Nvfp4 moe example

Qwen3.6 NVFP4 MoE Example

This example quantizes the Qwen3.6-35B-A3B sparse MoE model to NVFP4 (weights and activations quantized to FP4) using data-driven PTQ with calibration.

Note: Qwen3.6 shares the same model architecture as Qwen3.5, so the quantization process is identical. Please ensure transformers v5 is installed.

Code Walkthrough

Let's walk through the main steps of the quantization process: 1. Load model 2. Configure quantization algorithm and scheme 3. Prepare calibration dataset 4. Apply quantization 5. Save to disk in compressed-tensors format

1. Load Model

import torch
from compressed_tensors.utils import save_mtp_tensors_to_checkpoint
from datasets import load_dataset
from transformers import AutoProcessor, Qwen3_5MoeForConditionalGeneration

from llmcompressor import oneshot
from llmcompressor.modifiers.quantization import QuantizationModifier

# NOTE: This example requires transformers >= v5

MODEL_ID = "Qwen/Qwen3.6-35B-A3B"

# Load model.
model = Qwen3_5MoeForConditionalGeneration.from_pretrained(MODEL_ID)
processor = AutoProcessor.from_pretrained(MODEL_ID)

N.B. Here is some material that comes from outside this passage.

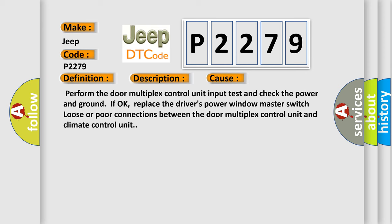Perform the door multiplex control unit input test and check the power and ground. If OK, replace the driver's power window master switch. Loose or poor connections between the door multiplex control unit and climate control unit.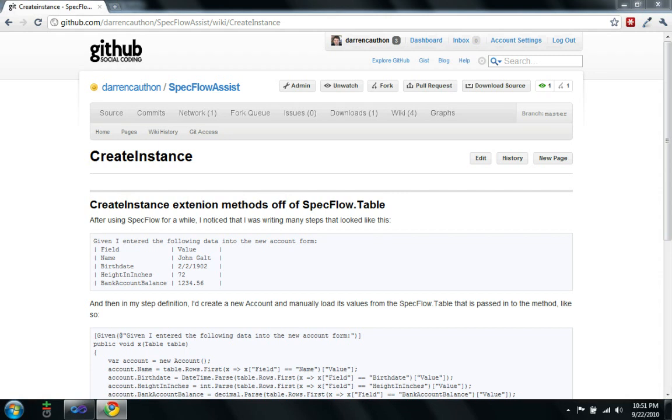Hello, my name is Darren Coffin and tonight I'm going to give a quick demonstration on how to use the SpecFlow Assist helper methods that I created.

2. Configure Quantization Algorithm and Scheme

In this case, we are doing the following: - Quantize the weights and activations to FP4 via data-driven PTQ - Skip the lm_head, visual encoder, MoE router gate, embedding tokens, shared expert gate, and linear attention layers (Gated DeltaNet fused projections are incompatible with NVFP4) - MTP layers are not loaded through Qwen3_5MoeForConditionalGeneration, so there is no need to include them in the ignore list

# No need to include mtp layers as they are not loaded
# through Qwen3_5MoeForConditionalGeneration
recipe = QuantizationModifier(
    targets="Linear",
    scheme="NVFP4",
    ignore=[
        "re:.*lm_head",
        "re:model.visual.*",
        "re:.*mlp.gate$",
        "re:.*embed_tokens$",
        "re:.*shared_expert_gate$",
        "re:.*linear_attn.*",
    ],
)

3. Prepare Calibration Dataset

We use the UltraChat dataset for calibration with 256 samples and a maximum sequence length of 4096 tokens.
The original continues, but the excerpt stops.